Retype word for word the line containing "Zirkusmanege - pelzblog" and each line that follows it in the records below, through the last one, with no pictures.

○ ○ ○ ○ ○ ○ ○

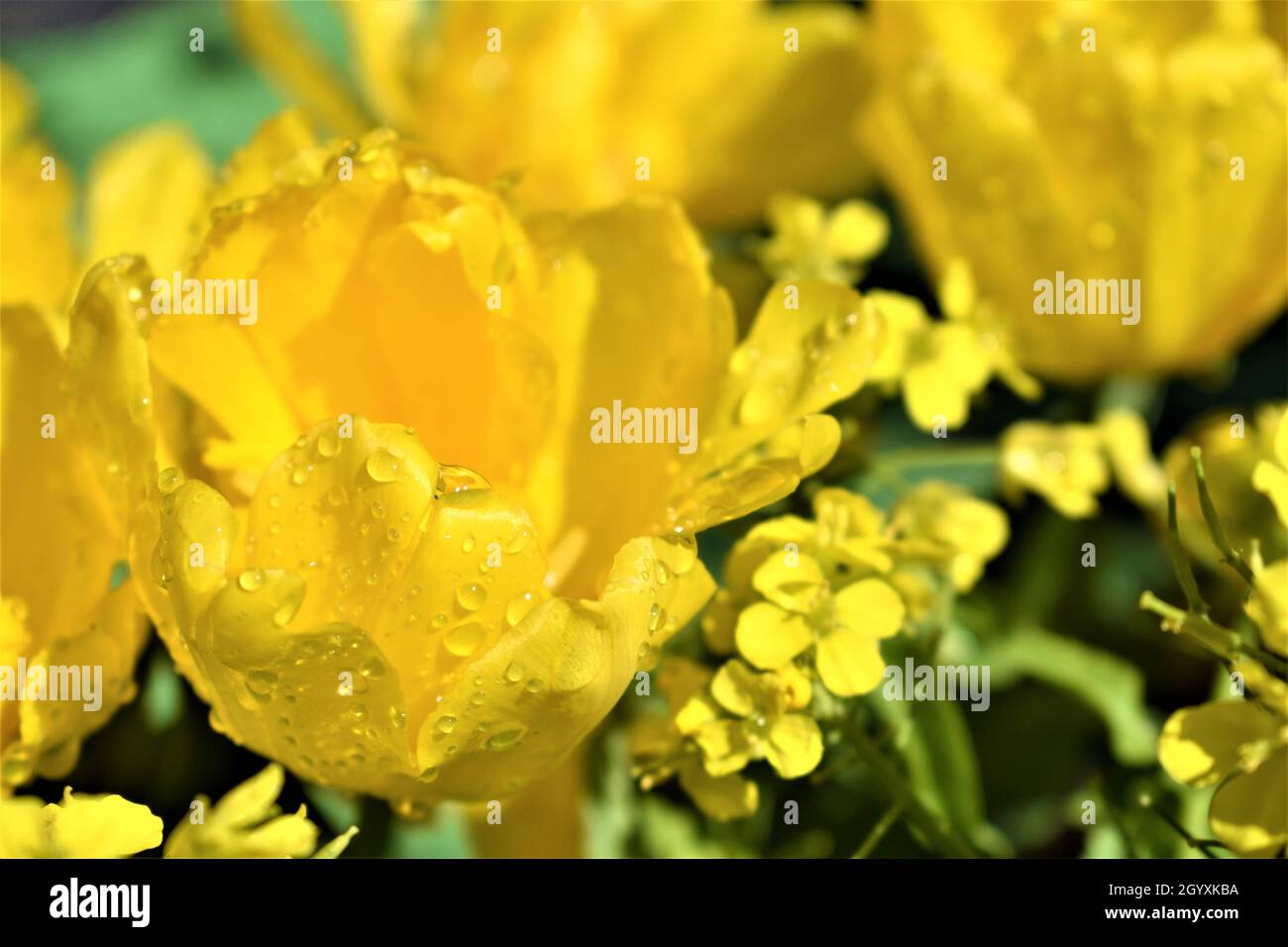 Goccioline d'acqua di rugiada su fiori gialli durante i momenti di quiete al mattino presto Foto Stock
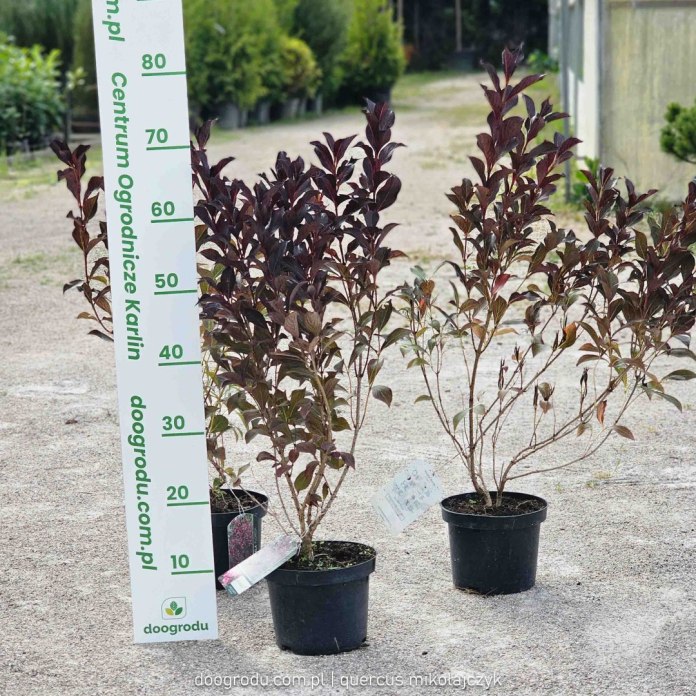 Krzewuszka cudowna Alexandra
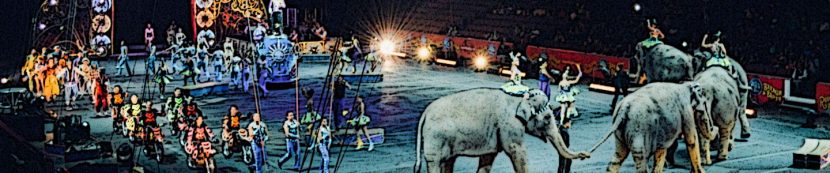 Zirkusmanege - pelzblog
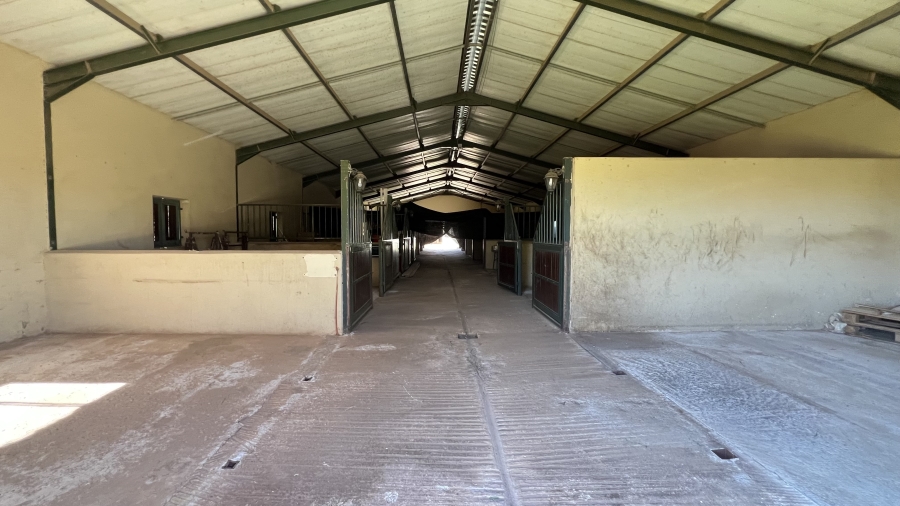 4 Bedroom Property for Sale in Tarlton Gauteng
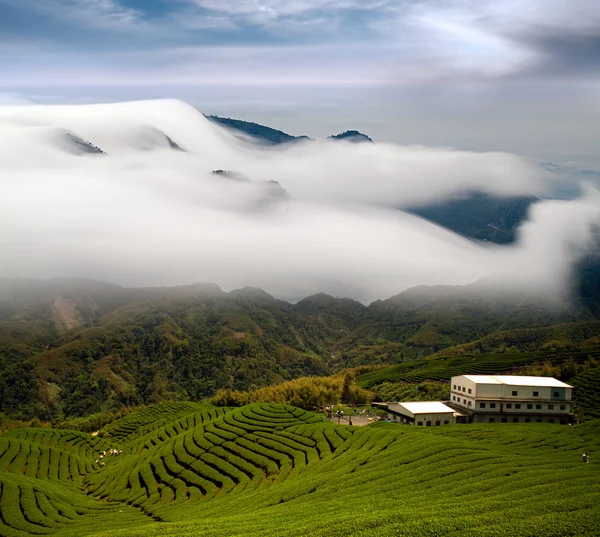 Nuvole drammatiche e giardino del tè — Foto Stock
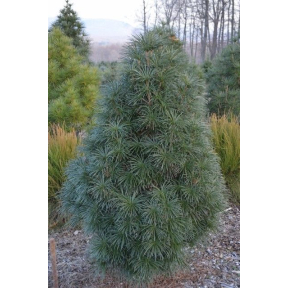 Sciadopitys verticillata 'Cynthia Waxman' - Cynthia Waxman Japanese Umbrella Pine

○ ○ ○ ○ ○ ○ ○

ANSWER TO THIS TASK =
 Zirkusmanege - pelzblog
 4 Bedroom Property for Sale in Tarlton Gauteng
 Nuvole drammatiche e giardino del tè — Foto Stock
 Sciadopitys verticillata 'Cynthia Waxman' - Cynthia Waxman Japanese Umbrella Pine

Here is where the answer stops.